Oct 2, 2007

2% of the population feeds the rest (NOT that easy)

Industrial farming -- however destructive to the land and our nutrition -- has held out as its main selling point the allure of freedom: Two percent of the population would be able to feed everyone. The rest could do as we pleased. Shiva sees straight through that promise. "Most of those who have moved off of farms are still working in the industry of creating food and bringing it to consumers: as cashiers, truck drivers, even the oil-rig workers who generate the fuels to run the trucks. Those jobs are all necessary to a travel-dependent, highly mechanized food system. And many of those jobs are menial, life-taking work, instead of the life-giving work of farming on the land. The analyses we have done show that no matter what, whether the system is highly technological or much more simple, about 50 to 60 percent of a population has to be involved in the work of feeding that population.

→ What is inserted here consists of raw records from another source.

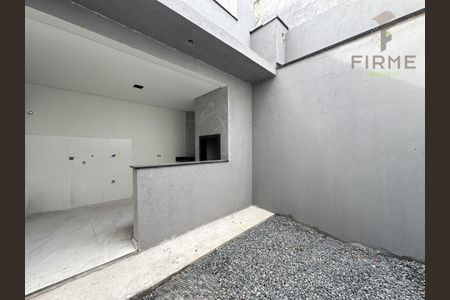 2_photo/94dcfcaa0f.810e40edf3b80a32-ATLAS-0bdf8d06-3f1b-4c58-b644-51c813597f5f.jpg de casa à venda com 3 quartos, 170m² em Capão Raso, Curitiba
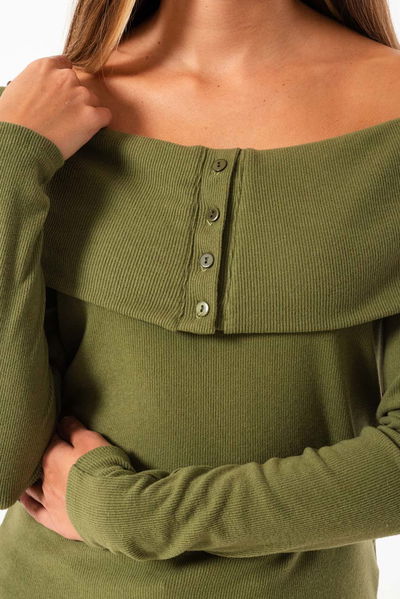 Remera Off Shoulder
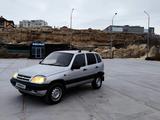 Chevrolet Niva 2004 годаfor1 700 000 тг. в Актау – фото 2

Industrial agriculture did not 'save' anyone from that work, it only shifted people into other forms of food service."
 
Traditional farming retains soil structure, but intensive modern agriculture does not: Since the 1970s, while global grain production has tripled, an estimated 30 percent of the world's farmland has become too damaged to use. Also shrinking are the fossil fuel reserves for a system that requires petroleum to run the farm machines, serve as the chemical base of fertilizers, fuel the milling and processing plants and drive the food to widely dispersed consumers. Shiva puts it this way: "The new modified crops brought to us by the Green Revolution were described as 'green oil of the future.' Ironically, that has turned out to be correct in a way, as the Green Revolution makes a renewable resource -- food -- into a nonrenewable one, just like petroleum."